Über Monate hinweg verhandeln Bauer und sein Finanzchef Schröter mit Banken, antichambrieren bei Investoren. Immer wieder reisen sie zu dieser Zeit nach Berlin, um die Chancen auf Staatshilfen auszuloten. Parallel ziehen sie bei Infineon das schärfste Kostensparprogramm seit der Abspaltung von Siemens im Jahr 1999 durch. "Wir haben 600 Mio. Euro rausgeschnitten und waren vorbereitet, notfalls noch mehr zu machen", sagt Schröter, der 2008 vom Spediteur Schenker zu Infineon stieß.
Bei ihrer Suche nach frischem Geld brechen Bauer und Schröter ein Tabu nach dem anderen. Wieso nur klassische institutionelle Investoren anhauen? Die Vorstände klappern Private-Equity-Firmen und Hedge-Fonds ab, auch in den USA. Und bringen überraschend den aggressiven US-Fonds Apollo Global Management dazu, die gesamte Kapitalerhöhung zu garantieren.
Dieser massive Vertrauensbeweis eines Profi-Investors überzeugt letztlich Infineons Alteigner: Sie zeichnen die jungen Aktien fast vollständig selbst, Apollo bleibt außen vor. Dabei war der US-Fonds nicht der einzige Bewerber; auch Wettbewerber Oaktree hätte Infineon nach FTD-Informationen Hunderte von Millionen anvertraut.
Ebenso hart geht das Duo an die Personalkosten. Mit ihrem Sparprogramm IFX 10+ streichen sie binnen einem Dreivierteljahr mehr als 3000 Stellen - jeden zehnten Arbeitsplatz. Sie treten aus dem Arbeitgeberverband aus, um eine Tariferhöhung zu umgehen. Sie streichen den Mitarbeitern Errungenschaften wie Jubiläumsgelder, den Führungskräften garantierte Boni.
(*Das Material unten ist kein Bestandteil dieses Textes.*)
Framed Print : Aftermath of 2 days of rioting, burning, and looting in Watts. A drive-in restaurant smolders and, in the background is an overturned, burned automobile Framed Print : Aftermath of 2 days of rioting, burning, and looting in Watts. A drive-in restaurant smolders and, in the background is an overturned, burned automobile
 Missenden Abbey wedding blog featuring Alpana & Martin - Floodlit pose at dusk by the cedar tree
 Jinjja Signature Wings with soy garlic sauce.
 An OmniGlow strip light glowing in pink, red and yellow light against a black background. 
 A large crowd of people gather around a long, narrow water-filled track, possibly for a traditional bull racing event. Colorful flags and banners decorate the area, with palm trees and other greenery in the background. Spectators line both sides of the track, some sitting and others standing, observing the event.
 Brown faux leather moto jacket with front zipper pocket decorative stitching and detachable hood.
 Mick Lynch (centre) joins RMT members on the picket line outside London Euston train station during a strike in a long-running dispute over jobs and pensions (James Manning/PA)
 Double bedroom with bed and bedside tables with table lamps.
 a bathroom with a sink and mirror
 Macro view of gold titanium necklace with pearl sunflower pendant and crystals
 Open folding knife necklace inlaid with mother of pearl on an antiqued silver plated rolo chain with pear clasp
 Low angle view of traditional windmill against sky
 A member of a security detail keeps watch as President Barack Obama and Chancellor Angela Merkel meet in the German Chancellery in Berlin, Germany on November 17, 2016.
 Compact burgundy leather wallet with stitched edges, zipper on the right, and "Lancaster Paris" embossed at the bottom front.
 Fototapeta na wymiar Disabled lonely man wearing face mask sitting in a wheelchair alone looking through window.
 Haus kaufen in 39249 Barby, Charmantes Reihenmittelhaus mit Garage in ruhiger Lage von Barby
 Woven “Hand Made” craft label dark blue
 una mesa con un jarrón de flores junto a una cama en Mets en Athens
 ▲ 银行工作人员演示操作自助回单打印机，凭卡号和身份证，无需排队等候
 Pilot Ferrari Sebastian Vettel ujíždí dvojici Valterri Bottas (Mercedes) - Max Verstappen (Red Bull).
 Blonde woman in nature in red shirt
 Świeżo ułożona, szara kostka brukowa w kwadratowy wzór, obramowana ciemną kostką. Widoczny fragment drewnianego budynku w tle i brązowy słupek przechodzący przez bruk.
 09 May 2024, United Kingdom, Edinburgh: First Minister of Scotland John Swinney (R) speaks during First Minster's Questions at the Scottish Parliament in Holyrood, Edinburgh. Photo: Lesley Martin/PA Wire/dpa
Und sie verkaufen die kleine, aber profitable Wireline-Sparte, die Chips für die drahtgebundene Kommunikation herstellt, an einen US-Finanzinvestor - zum Entsetzen der 900 Wireline-Mitarbeiter.
"Wir sind nicht zum Kuscheln hier", ruft Bauer den anderen Infineon-Beschäftigten danach auf einer Mitarbeiterversammlung zu. "Glauben Sie nicht, weil Sie bei Infineon bleiben, ist alles cosy."
Selbst dem früheren Topmanagement geht es an den Geldbeutel: Aufsichtsratschef Kley kürzt Bauers Vorgänger Wolfgang Ziebart nachträglich das Gehalt aus dessen im August ausgelaufenen Vorstandsvertrag. Begründung: Die wirtschaftliche Lage von Infineon habe sich unter dessen Ägide verschlechtert. Kritiker sehen darin nicht gerade einen Ausweis guter Unternehmensführung. In der Branche heißt es, der Affront sei auch Folge eines Streits zwischen Ziebart und Chefaufseher Kley.
Auch die aktuelle Führungsriege hilft sparen. Bauer selbst will dieses Geschäftsjahr auf 20 Prozent seines Gehalts verzichten, seine Vorstandskollegen auf zehn Prozent.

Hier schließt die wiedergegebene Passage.